釧路支部は7月25日に7月例会を開き、日本銀行釧路支店長の小澤浩太郎氏が『道東の地域経済と中小企業の現状』と題して講演しました。
小澤氏はまずアメリカ経済の現状について触れ、「サブプライムローン問題でアメリカ経済の不振が続き、それが世界に波及して市場が不安定になっている。雇用者数は6カ月連続で下降し、また不動産の下落による金融不安が広がっている。これらの問題が日本の経済に悪い影響を及ぼしている」と述べました。
また日本で大きな問題となっている原油価格の高騰と物価の上昇について「株に替わって原油に投機が行われるようになり、結果原油価格を押し上げている。原油価格の高騰と新興国における需要の拡大が物価の上昇を招き、日本経済にマイナスに働いている。新興国の需要の抑制が重要であり、G7だけでなく新興国も含めて対策を練る必要がある」と語りました。
道東の経済については「製造業はよくなってきているが、非製造業が物価の上昇を価格に反映できず低水準が続いている。一次産業は道東の豊富な資源を活用し、付加価値率を高めていく必要がある。森林・バイオマス資源など、発展する余地は充分にある」と強調しました。

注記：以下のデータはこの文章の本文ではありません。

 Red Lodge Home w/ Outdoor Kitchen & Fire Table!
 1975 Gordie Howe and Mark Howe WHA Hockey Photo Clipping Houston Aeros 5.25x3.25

講演後の質疑応答では「車社会の北海道において、公共投資削減によるインフラ整備の停止は大きな問題だ。こういった地域格差の問題を中央ではどのように考えているのか?」との質問に対し小澤氏は「放置できない問題だと考えている。戦後の北海道は比較的豊かな地域で、本州に物資を供給するなど日本の戦後復興を支えていた。その北海道をないがしろにすることはできない。必要なインフラ整備にはしっかり投資していくべきだ」と述べました。